According to Harvey, Dr. Lee began delivering a set of three lectures on prayer to his freshman chemistry class each year, with the third lecture culminating in the challenge for anyone to stop a glass beaker he was about to drop from breaking through the power of prayer alone. Twelve years later, a student did step forward and successfully do so, putting an end to this set of lectures. Or so we’re told. (Chalk is mentioned in one telling of the tale, a glass beaker is the subject in Richard Harvey’s book, and an egg is mentioned in another version of the story.)
Though this sighting gives a better idea how old the tale is, it fails to validate the legend. From the way this passage in Harvey’s book is worded, it’s clear he wasn’t present at the lecture where the brave student took up the challenge. He, too, heard the same inspirational tale we’re hearing now and chose to include it in his memoirs as something he believed.
And it is an inspirational tale of faith, one meant to encourage Christians to not waver in their beliefs even in the face of denunciation by a revered authority figure.
If USC (University of Southern California) has had a philosophy professor on staff who for the past twenty years devoted a class period each semester to disproving the existence of God, it’s news to them. “Professor Dallas Willard, who has been here for 32 years, affirms that nothing like this has happened during the time he was here,” said USC philosophy professor Edwin McCann in 1999 when the e-mailed version of the tale was running rampant.
No one has named this professor or stated he was in class the day of the anti-God lecture. Call this current piece of netlore just an update of a much older legend.

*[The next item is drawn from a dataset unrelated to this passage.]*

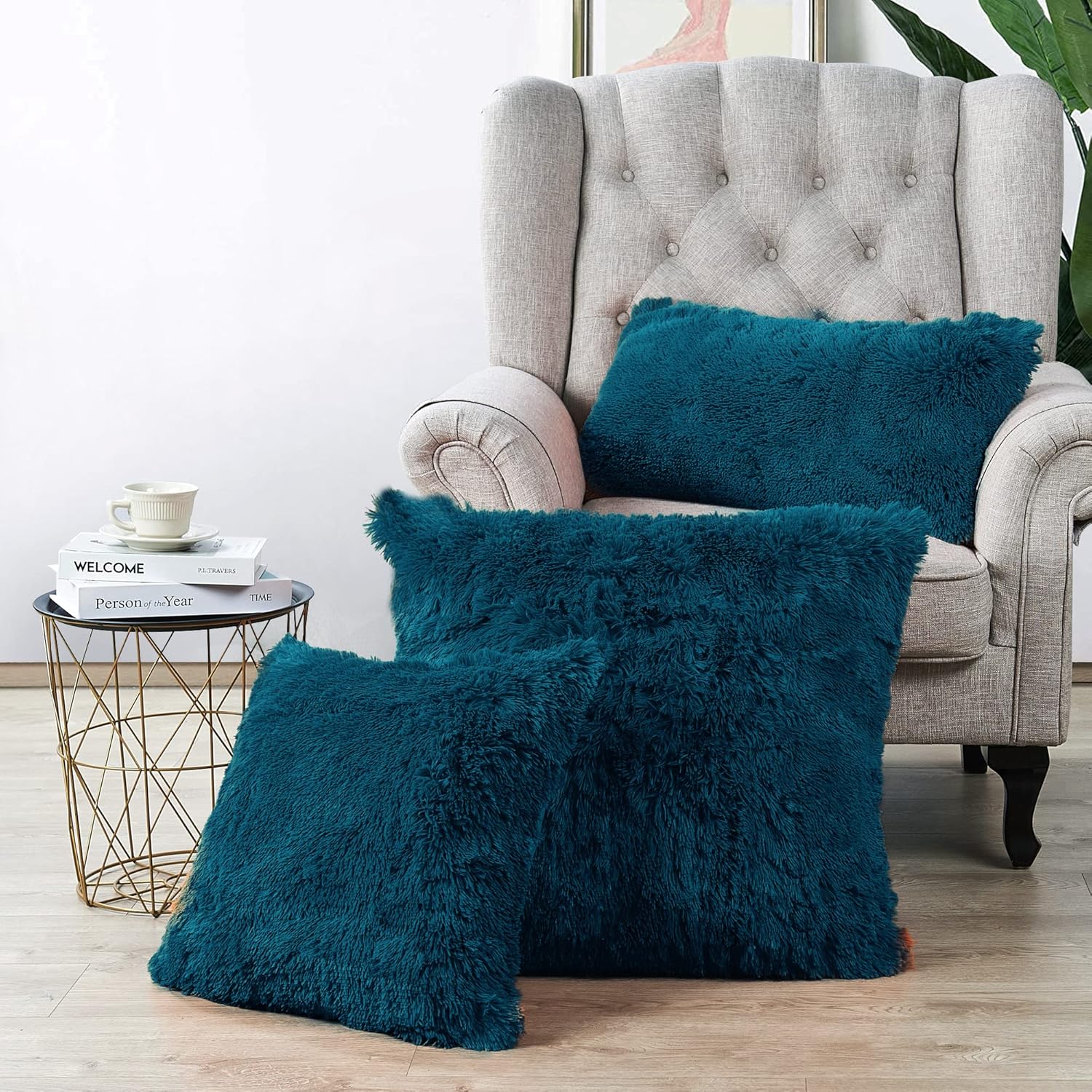 Shaggy Furry Fluffy Faux Fur Decorative Square Throw Pillow Covers 20 x 20 Inches Set of 4, Plush Soft Luxury Cushion Case Pillowcase for Couch Bed Car Bedroom Living Room, Teal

The “running from the room” motif shows up in many legends as a convenient way of ending one character’s involvement in the story or of bringing the legend to a close (see our Why Does It Taste So Salty? page for another example) because it forestalls the curious from asking the inevitable “What happened next?” follow-up. Even if a college professor had actually bolted from the room after a failed experiment, would 300 students really have remained in their seats for half an hour after he had departed to listen to a fellow student lecture on Christianity? “If it’s not going to be on the final, it’s not keeping me in my seat” is the typical student philosophy.
Chalk this one up as a charming parable, one not grounded in the facts as reported. It’s David and Goliath in a classroom setting, the shaking-in-his-boots student taking on the ogre of non-belief in the form of a fearsome professor.
A somewhat related Jack Chick tract builds on similar motifs of the professor of science’s challenging his students to disagree, one courageous student’s standing up to dispute him, the professor’s subsequent humiliation and hasty exit from the classroom, and the brave student’s ability to hold his classmates enthralled after the professor leaves the room.